The only way to reach a reliable diagnosis is biopsy. A serum antigen test for As-pergillus galactomannan can support the suspected diagnosis. Even proof of Asper-gillus in pulmonary secretions is an indication of infection, although often dependent on colonization. Chest x-ray is often unremarkable. On HR-CT, pulmonary collections with a halo or cavitating lesions are suspicious for Aspergillosis.

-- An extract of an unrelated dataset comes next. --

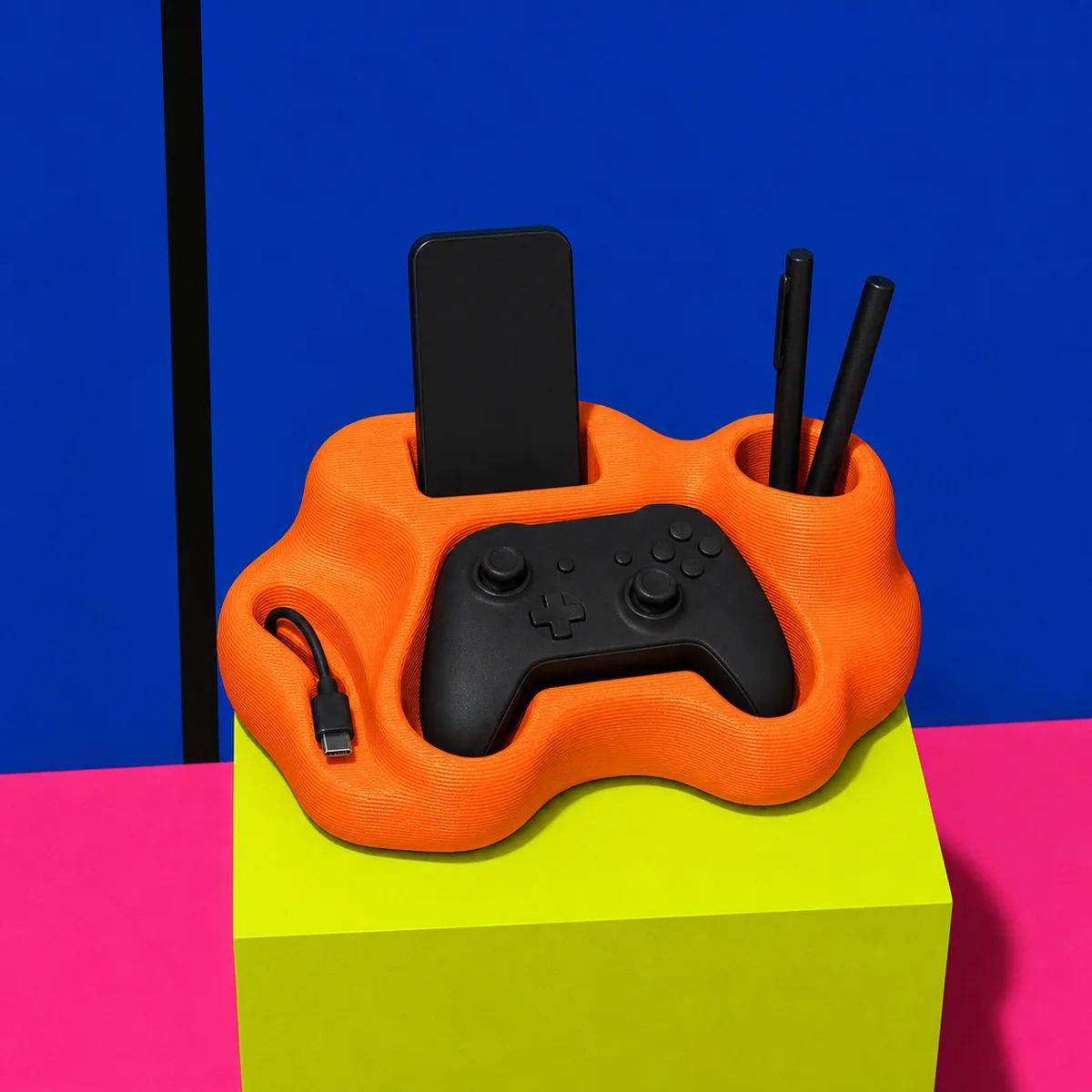 Concept render of an orange 3D-printed blob-shaped desk dock holding a phone, controller, cable, and pens.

Antimycotic therapy should be started as soon as Aspergillosis is suspected. Every delay significantly worsens the already poor prognosis - do not wait for the microbiological proof from the biopsy! Voriconazole is currently the therapy of choice, as a randomized study showed higher response rates than for amphotericin B (Herbrecht 2002). Voriconazole is given as 2 x 4 mg i.v./kg/day (loading dose 2 x 6 mg/kg on day 1, changing to oral therapy with 2 x 200 mg/day on day 7). It has the advantage of effective penetration into the brain parenchyma (Schwartz 2005), but causes visual disturbances in 20 % and often (reversible) elevation of liver enzymes. Amphotericin B is the alternative to voriconazole, although its inferiority is doubted by some authors (Jorgensen 2006). In cases of intolerance, contraindications or therapeutic failure, liposomal amphotericin B, capsofungin, posaconazole or high dose itraconazole can be considered. Systemic steroid therapy should be discontinued.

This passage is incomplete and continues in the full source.